Eighteen players showed up, so the biggest decision was how to get so many players into the game and still stay competitive. Team captain, Kuhio Walters, and I decided to honor the men and women who had been on the team since the beginning. Eight starters played deep into the game before we went to the bench. Their energy turned a relatively tight 8-3 game into a last inning blow-out.
Fittingly, Flynn caught the final out, a pop-up to the mound. I asked every team member to play to sign the ball and gave it to Flynn for his mantle. Fifteen or 16 of us ended the evening hooking five tables together in the Square Bar and enjoying the rest of the evening with pitchers of Yuengling.
It's not hyperbole to say the season has been one of the best experiences of my life. I wish I could play like I did in my 30s, when I started a softball team at the Daily Press in Newport News, Va. The friendships I made on that team are among the strongest of my adult life. Eight of us still meet at least once or twice a year for brews, golf, cards and camaraderie.

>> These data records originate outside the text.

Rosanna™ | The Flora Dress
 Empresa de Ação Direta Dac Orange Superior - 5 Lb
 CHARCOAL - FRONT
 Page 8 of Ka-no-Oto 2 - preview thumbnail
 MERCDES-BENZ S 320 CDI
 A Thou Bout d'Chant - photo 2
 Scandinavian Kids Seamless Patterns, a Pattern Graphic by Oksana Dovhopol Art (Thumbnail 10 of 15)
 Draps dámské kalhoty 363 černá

Luke, my son, was only a two years old when I started that team. We called ourselves the Typoz. I remember stashing Luke's baby stroller in the dugout with us, Luke strapped into it, watching the action intently, soaking up the cheers and the atmosphere, relishing the whole experience. My teammates rustled his thick, brown hair for good luck on their way to home plate. More times than not, this small superstitious gesture brought it to them. And it brought luck to Luke, too. That was the making of a baseball fan and player.
For me, this entire championship season was the most fun I've ever had on a team -- because Luke shared the experience with me. It made me proud to watch him play. He's a good player and I knew when we added him to the roster he'd help us win. He plays with reckless abandon, the way the best players play. To see him stretch routine singles into doubles and to run down and catch fly balls in the outfield was a joy to witness.
I started the championship game as one of the team's designated hitters. It was my only plate appearance in five playoff games. I hit a hard ground ball to the Baptist second baseman who turned it into a force out at second base. The next time around the line-up, Luke hit for me and then he finished the game in the outfield.
When he scored the winning run in our improbable win last week, yelling and screaming and wearing a grin as big as the sky, my heart flew into my mouth. I almost hurts to be that damn happy.
Last night, I got to taste the sweetest drink of all...the taste of champagne after a championship, my arm wrapped around Luke, members of the same team. This is why we still play a kid's game.